Critics disagree about the motivation behind Iago's actions in "Othello". The discussion continues over this compelling Shakespearean villain.
Iago, in Othello, is one of Shakespeare’s most compelling villains. His manipulation of people and events leads to the play’s tragic climax, Desdemona’s death, and the downfall of many characters, including Iago himself. However, critics disagree over his motivation. What drives Iago to scheme and destroy as he does? One of the problems with determining his motivation is that Iago presents several different fronts to the other characters, leaving us wondering which is the real Iago.

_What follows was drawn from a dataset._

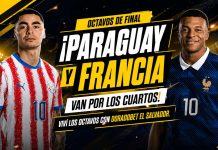 ¿Podrá Paraguay dar otra sorpresa ante la poderosa Francia? Analiza y apuesta ahora en DoradoBet El Salvador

Some argue that Iago doesn’t have a motivation, and doesn’t need one. This is the tragedy of Othello, and Iago’s function is to bring the tragedy about. Our attention should be focussed on the interior workings of Othello’s character, not the supposed reasoning of a plot function. Iago’s malice is a given element, a convention which enables the play to happen.
Similar to the first point of view is the suggestion that Iago is somehow just evil. Shakespeare’s tragedies are frequently concerned with how evil enters the world, and Iago could be an example of how it arises naturally in humanity. As Ecclesiastes says, “the hearts of the children of men are full of evil” (9:3) When Othello suggests that Iago is the devil in the final scene ( look down towards his feet, but that’s a fable/ If that thou beest devil I cannot kill thee.” V.2) Iago plays along (“I bleed, sir, but not killed.”) Is he merely mocking a superstitious Moor, or suggesting that within him is as pure an evil as the devil?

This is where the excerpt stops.